:: DATA LISTING ::
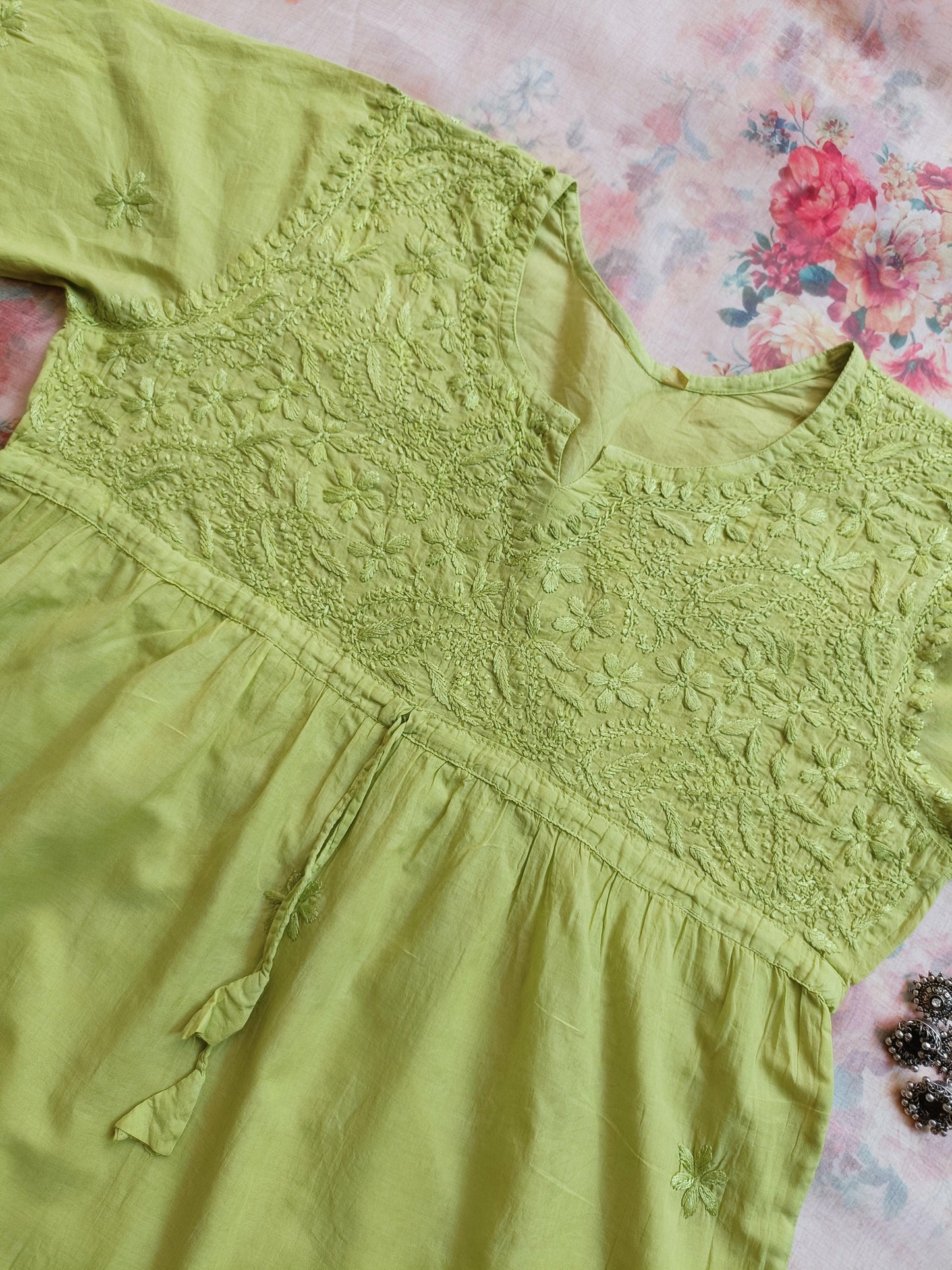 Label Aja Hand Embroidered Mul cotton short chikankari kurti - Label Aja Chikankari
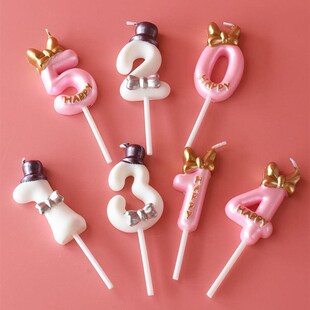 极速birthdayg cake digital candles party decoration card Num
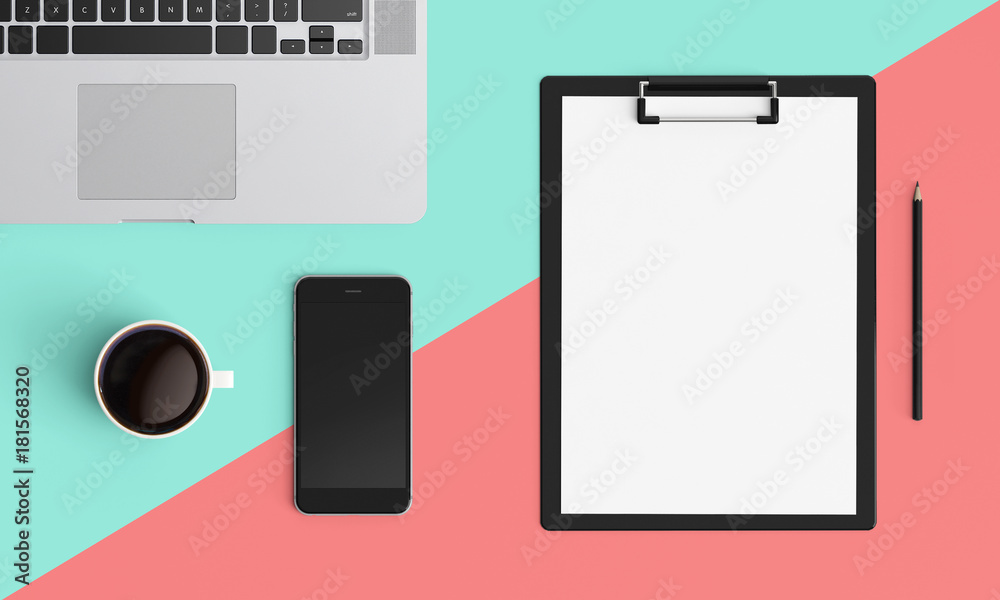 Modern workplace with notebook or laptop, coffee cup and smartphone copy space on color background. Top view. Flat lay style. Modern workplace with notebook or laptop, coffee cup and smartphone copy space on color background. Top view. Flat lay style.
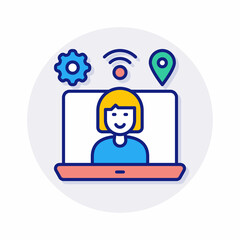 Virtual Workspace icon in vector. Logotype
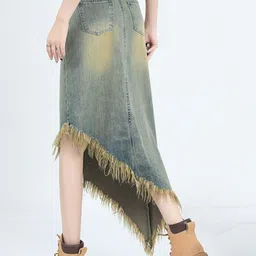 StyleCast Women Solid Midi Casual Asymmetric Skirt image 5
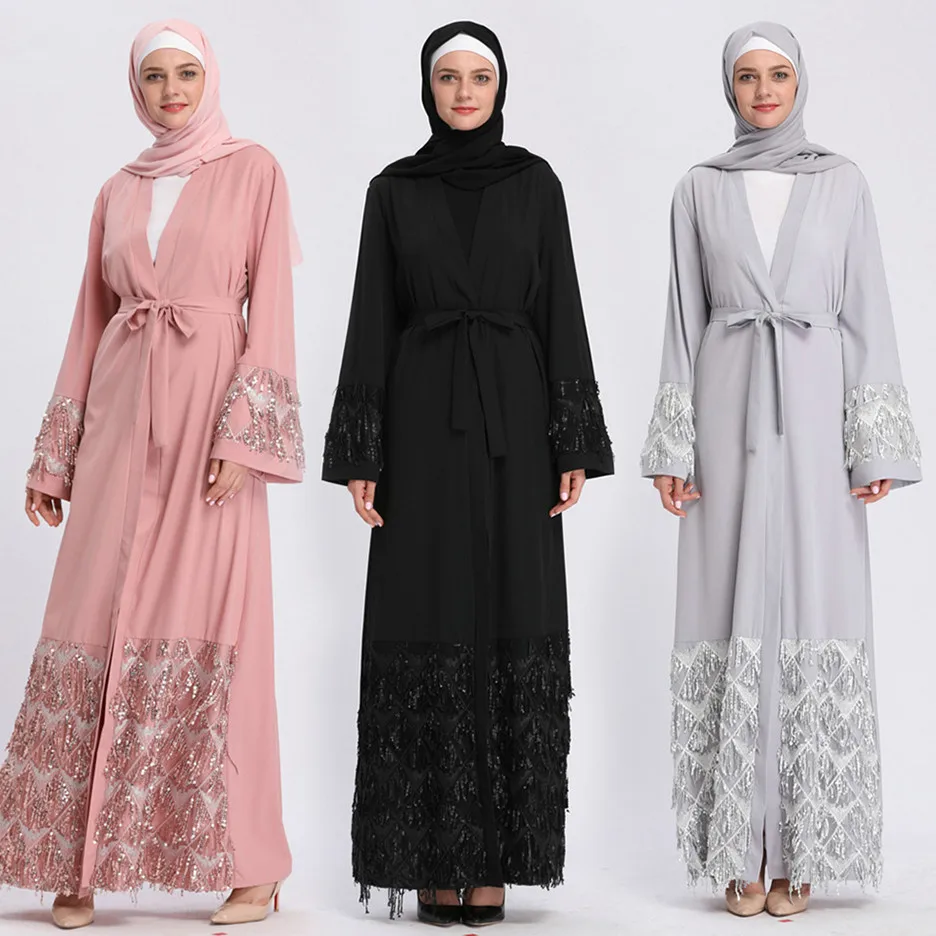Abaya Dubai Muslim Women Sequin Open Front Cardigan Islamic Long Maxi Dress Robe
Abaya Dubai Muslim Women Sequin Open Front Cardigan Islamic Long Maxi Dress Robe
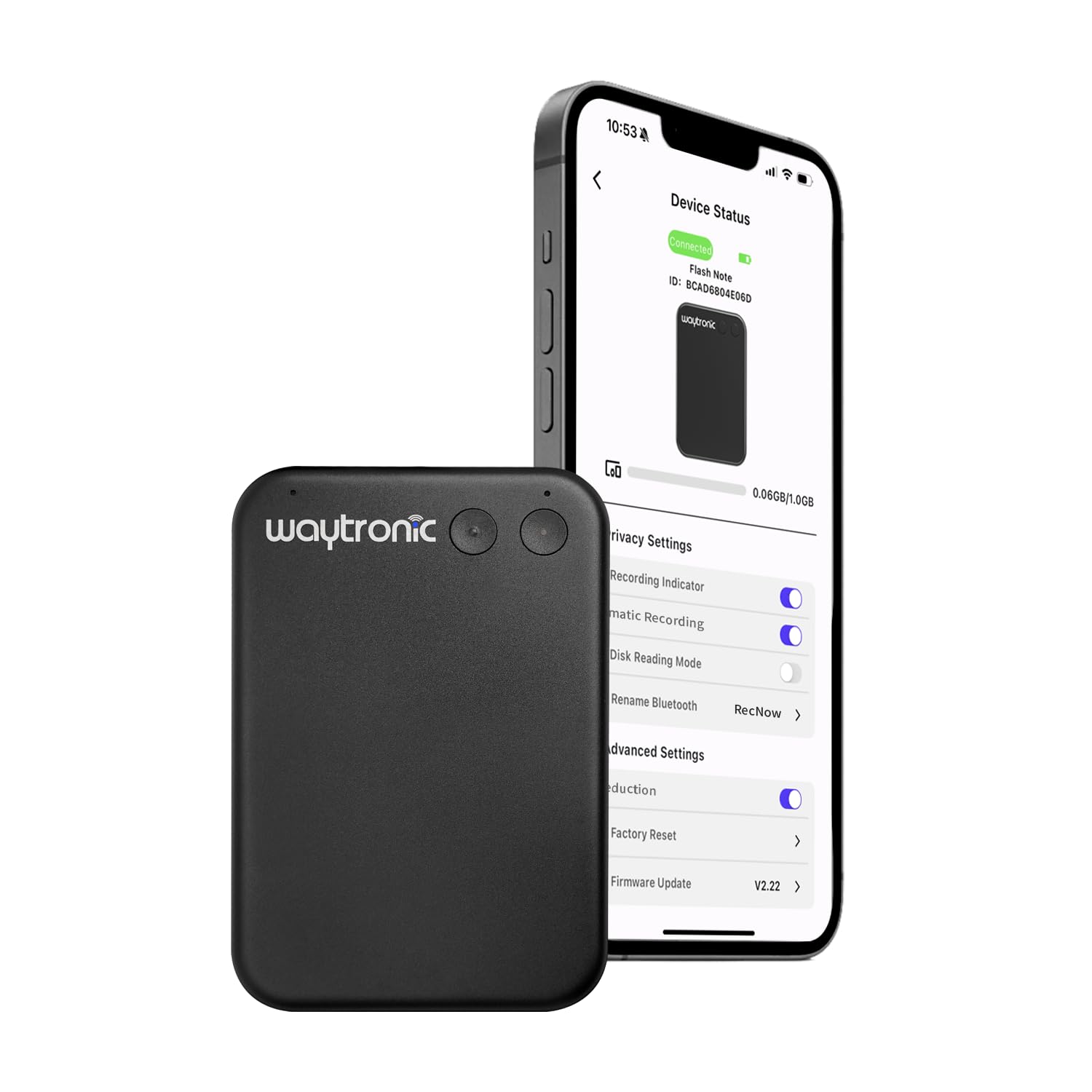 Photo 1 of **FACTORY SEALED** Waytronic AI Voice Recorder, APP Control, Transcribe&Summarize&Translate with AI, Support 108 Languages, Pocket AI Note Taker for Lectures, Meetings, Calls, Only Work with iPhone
:::
=== PROBLEM STATEMENT ===
Output every line of the records above unchanged, and keep the pictures out.

=== RESPONSE FOR THIS EXERCISE ===
 Label Aja Hand Embroidered Mul cotton short chikankari kurti - Label Aja Chikankari
 极速birthdayg cake digital candles party decoration card Num
 Modern workplace with notebook or laptop, coffee cup and smartphone copy space on color background. Top view. Flat lay style. Modern workplace with notebook or laptop, coffee cup and smartphone copy space on color background. Top view. Flat lay style.
 Virtual Workspace icon in vector. Logotype
 StyleCast Women Solid Midi Casual Asymmetric Skirt image 5
Abaya Dubai Muslim Women Sequin Open Front Cardigan Islamic Long Maxi Dress Robe
Abaya Dubai Muslim Women Sequin Open Front Cardigan Islamic Long Maxi Dress Robe
 Photo 1 of **FACTORY SEALED** Waytronic AI Voice Recorder, APP Control, Transcribe&Summarize&Translate with AI, Support 108 Languages, Pocket AI Note Taker for Lectures, Meetings, Calls, Only Work with iPhone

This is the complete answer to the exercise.